Talks

The Amazing Supermaze

F1 strings added to N5 Type IIA NS5 branes, can decompose into N5 little strings, that can oscillate and carry momentum independently. The entropy of these N1 N5 little strings carrying Np unites of momentum reproduces exactly the entropy of the corresponding black hole.

We show that upon uplifting to M-theory and taking into account brane bending, these black-hole microstate configurations become super-mazes, which exhibit local supersymmetry enhancement: the full configuration preserves four supercharges, but upon zooming in at any location of the supermaze, the number of preserved supersymmetries is enhanced to 16; these 16 supercharges rotate as one moves at a different location, and only four of them are preserved throughout the solution. 
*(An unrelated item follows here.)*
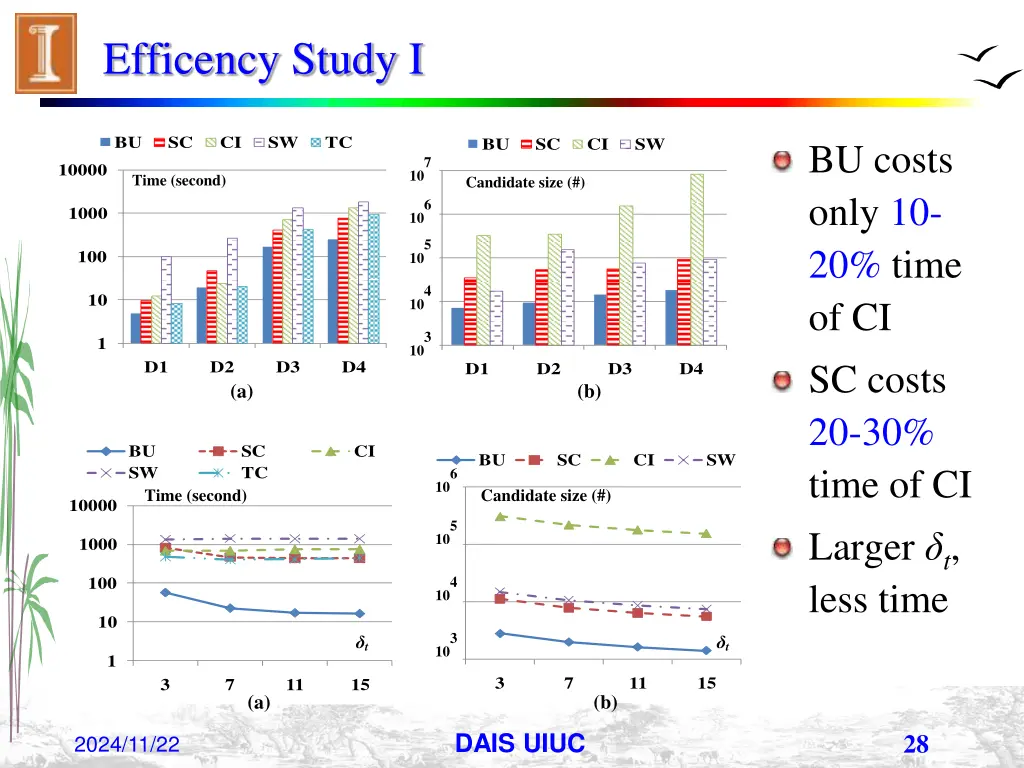 efficency study i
Since objects exhibiting local supersymmetry enhancement are the fundamental building blocks of all known horizonless black-hole microstate geometries, this result makes us confident that the backreaction of the supermaze will give rise to smooth horizonless solutions that will reproduce the black-hole entropy.

Slides

Higher-derivative corrections to the entropy of supersymmetric AdS5 black holes and their holographic match

The fundamental theory of quantum gravity is expected to manifest itself at low energies via a series of higher-derivative corrections to Einstein’s theory. Holography and supersymmetry provide a controlled scenario to study such corrections: through holography, quantum gravity in Anti de Sitter space has a rigorous definition in terms of a conformal field theory, while supersymmetry makes it possible to compute exact observables and make quantitative predictions. In this context, I will discuss how a CFT generating function known as the superconformal index provides a microscopic derivation of the entropy of five-dimensional supersymmetric black holes in AdS. I will illustrate how this match goes beyond the Bekenstein-Hawking area law and includes higher-derivative corrections.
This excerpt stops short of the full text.